• _DATA RECORDS_
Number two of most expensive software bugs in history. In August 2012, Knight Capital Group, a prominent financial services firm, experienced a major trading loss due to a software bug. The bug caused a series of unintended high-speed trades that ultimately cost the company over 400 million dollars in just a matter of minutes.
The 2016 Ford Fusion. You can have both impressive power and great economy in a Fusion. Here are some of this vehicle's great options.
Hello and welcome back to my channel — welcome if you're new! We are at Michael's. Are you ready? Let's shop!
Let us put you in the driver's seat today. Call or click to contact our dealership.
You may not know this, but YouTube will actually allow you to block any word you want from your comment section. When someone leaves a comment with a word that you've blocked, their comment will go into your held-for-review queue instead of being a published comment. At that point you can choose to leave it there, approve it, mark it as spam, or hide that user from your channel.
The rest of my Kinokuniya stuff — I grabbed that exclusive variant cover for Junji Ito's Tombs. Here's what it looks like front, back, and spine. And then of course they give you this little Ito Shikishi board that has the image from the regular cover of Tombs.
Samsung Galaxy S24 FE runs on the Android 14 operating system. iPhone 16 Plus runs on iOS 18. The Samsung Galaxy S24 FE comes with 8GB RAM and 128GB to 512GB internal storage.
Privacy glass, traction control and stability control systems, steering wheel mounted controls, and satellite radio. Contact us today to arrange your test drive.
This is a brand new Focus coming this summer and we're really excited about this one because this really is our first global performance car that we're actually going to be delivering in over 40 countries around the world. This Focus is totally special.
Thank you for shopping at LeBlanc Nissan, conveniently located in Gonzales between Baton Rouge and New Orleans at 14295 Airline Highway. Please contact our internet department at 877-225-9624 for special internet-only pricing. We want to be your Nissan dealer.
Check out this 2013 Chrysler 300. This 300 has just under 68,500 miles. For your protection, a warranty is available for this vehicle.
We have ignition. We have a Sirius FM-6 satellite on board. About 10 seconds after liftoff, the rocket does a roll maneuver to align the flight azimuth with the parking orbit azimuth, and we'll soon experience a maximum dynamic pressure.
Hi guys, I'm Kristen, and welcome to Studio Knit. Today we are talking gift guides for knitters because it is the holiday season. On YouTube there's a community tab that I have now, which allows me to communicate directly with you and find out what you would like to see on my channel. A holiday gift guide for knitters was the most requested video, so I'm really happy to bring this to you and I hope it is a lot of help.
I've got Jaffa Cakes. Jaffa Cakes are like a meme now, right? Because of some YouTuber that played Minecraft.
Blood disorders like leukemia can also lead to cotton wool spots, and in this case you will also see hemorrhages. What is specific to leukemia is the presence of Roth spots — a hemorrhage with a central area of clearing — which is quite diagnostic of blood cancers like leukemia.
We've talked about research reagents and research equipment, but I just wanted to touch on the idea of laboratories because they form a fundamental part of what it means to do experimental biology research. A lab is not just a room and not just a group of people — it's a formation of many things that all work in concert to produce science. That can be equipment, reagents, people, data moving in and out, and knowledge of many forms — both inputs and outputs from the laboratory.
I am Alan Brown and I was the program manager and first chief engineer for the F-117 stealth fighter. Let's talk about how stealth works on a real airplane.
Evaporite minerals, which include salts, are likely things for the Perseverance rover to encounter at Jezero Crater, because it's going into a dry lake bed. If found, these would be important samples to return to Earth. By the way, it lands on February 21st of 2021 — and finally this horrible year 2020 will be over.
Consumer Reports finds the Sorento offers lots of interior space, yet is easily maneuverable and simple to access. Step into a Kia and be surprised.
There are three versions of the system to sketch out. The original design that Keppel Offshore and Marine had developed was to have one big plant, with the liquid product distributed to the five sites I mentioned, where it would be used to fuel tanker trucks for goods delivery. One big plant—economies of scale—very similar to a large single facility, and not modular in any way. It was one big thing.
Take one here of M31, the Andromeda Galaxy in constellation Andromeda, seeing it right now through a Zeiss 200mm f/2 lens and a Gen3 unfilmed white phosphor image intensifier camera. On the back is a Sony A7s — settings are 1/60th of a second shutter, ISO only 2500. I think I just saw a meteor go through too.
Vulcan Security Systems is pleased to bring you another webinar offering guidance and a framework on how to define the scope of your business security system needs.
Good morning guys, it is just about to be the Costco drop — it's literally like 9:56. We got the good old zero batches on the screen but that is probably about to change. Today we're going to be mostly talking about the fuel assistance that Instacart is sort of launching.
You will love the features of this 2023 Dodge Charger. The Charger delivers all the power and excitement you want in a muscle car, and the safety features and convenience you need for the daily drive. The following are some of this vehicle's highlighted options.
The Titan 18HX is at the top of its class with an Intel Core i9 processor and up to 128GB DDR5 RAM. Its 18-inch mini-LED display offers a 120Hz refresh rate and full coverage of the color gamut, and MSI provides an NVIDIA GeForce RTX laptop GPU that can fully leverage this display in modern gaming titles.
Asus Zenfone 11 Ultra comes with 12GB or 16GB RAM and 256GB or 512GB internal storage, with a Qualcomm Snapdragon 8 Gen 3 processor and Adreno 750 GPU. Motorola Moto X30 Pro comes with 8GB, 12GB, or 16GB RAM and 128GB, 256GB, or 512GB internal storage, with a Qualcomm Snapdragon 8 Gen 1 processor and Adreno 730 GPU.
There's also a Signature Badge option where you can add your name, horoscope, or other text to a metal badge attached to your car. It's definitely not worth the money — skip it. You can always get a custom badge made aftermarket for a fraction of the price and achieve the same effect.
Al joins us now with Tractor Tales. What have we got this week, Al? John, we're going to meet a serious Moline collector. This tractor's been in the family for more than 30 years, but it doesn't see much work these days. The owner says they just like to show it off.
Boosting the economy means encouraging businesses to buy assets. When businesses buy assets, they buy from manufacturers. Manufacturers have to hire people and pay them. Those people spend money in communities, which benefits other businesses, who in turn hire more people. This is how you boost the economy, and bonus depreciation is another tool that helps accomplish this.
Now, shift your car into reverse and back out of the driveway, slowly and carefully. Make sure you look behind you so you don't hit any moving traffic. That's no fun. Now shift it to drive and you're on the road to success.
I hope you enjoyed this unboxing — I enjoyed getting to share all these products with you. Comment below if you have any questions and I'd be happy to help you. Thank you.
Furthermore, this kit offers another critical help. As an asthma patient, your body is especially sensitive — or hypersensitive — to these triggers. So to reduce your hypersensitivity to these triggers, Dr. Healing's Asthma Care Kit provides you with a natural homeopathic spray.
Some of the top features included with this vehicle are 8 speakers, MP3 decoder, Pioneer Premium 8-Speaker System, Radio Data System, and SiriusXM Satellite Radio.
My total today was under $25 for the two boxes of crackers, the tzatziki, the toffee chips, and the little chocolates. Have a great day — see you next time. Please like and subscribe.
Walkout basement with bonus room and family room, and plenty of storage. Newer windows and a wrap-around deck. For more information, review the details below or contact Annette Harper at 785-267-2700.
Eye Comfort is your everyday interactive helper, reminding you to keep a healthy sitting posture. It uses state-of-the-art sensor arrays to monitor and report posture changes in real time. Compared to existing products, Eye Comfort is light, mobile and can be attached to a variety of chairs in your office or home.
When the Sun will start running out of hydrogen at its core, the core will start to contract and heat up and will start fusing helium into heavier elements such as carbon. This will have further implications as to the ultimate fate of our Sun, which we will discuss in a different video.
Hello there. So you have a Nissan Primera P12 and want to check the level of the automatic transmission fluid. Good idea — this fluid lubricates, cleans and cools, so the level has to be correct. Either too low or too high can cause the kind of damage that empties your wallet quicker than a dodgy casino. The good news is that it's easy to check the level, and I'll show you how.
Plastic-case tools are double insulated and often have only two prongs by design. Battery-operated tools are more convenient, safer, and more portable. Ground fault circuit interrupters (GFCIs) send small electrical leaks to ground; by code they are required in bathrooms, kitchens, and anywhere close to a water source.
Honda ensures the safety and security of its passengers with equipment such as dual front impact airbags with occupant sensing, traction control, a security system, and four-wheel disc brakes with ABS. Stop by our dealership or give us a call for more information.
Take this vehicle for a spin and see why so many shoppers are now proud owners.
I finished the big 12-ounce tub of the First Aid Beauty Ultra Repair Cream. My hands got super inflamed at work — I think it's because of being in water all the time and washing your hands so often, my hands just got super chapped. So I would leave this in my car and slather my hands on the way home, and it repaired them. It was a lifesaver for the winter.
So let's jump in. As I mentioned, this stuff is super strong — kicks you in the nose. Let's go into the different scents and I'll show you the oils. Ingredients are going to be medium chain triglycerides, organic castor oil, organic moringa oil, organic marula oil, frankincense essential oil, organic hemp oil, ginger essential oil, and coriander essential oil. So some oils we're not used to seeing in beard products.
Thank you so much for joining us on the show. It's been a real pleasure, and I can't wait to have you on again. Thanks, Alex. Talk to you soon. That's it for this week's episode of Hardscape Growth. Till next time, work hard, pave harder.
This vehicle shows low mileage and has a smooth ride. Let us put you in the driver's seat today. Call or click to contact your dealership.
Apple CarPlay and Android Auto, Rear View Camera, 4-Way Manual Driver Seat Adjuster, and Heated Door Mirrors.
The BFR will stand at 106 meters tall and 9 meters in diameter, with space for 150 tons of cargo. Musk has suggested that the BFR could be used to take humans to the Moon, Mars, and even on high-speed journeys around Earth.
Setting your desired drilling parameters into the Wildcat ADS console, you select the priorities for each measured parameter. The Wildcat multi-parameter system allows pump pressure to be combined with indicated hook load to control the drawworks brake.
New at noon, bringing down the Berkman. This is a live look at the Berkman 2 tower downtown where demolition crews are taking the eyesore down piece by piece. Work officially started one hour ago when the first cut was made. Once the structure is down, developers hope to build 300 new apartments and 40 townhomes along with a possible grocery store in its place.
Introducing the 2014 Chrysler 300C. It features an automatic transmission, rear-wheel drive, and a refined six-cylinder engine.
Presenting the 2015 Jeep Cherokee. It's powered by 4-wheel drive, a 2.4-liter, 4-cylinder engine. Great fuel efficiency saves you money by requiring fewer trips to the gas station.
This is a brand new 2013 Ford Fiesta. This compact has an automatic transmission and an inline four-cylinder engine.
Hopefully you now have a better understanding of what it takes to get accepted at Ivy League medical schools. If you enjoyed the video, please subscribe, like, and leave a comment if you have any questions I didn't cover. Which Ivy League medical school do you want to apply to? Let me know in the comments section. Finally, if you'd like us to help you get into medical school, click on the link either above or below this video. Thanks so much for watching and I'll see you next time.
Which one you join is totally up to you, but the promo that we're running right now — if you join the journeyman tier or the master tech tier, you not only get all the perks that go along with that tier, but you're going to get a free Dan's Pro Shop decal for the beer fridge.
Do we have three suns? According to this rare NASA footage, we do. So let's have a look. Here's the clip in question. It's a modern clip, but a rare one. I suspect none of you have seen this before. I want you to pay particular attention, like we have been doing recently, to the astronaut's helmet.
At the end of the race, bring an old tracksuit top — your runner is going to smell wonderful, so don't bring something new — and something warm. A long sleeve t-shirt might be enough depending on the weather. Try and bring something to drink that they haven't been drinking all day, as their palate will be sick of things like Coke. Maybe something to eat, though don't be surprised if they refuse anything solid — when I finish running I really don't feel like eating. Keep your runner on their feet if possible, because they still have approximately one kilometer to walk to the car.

• _TASK DIRECTIONS_
Where the listing above reaches the line that contains "Furthermore, this kit", start retyping, and finish with the line that contains "Walkout basement with"; reproduce those lines exactly and no others.

• _WRITTEN REPLY_
Furthermore, this kit offers another critical help. As an asthma patient, your body is especially sensitive — or hypersensitive — to these triggers. So to reduce your hypersensitivity to these triggers, Dr. Healing's Asthma Care Kit provides you with a natural homeopathic spray.
Some of the top features included with this vehicle are 8 speakers, MP3 decoder, Pioneer Premium 8-Speaker System, Radio Data System, and SiriusXM Satellite Radio.
My total today was under $25 for the two boxes of crackers, the tzatziki, the toffee chips, and the little chocolates. Have a great day — see you next time. Please like and subscribe.
Walkout basement with bonus room and family room, and plenty of storage. Newer windows and a wrap-around deck. For more information, review the details below or contact Annette Harper at 785-267-2700.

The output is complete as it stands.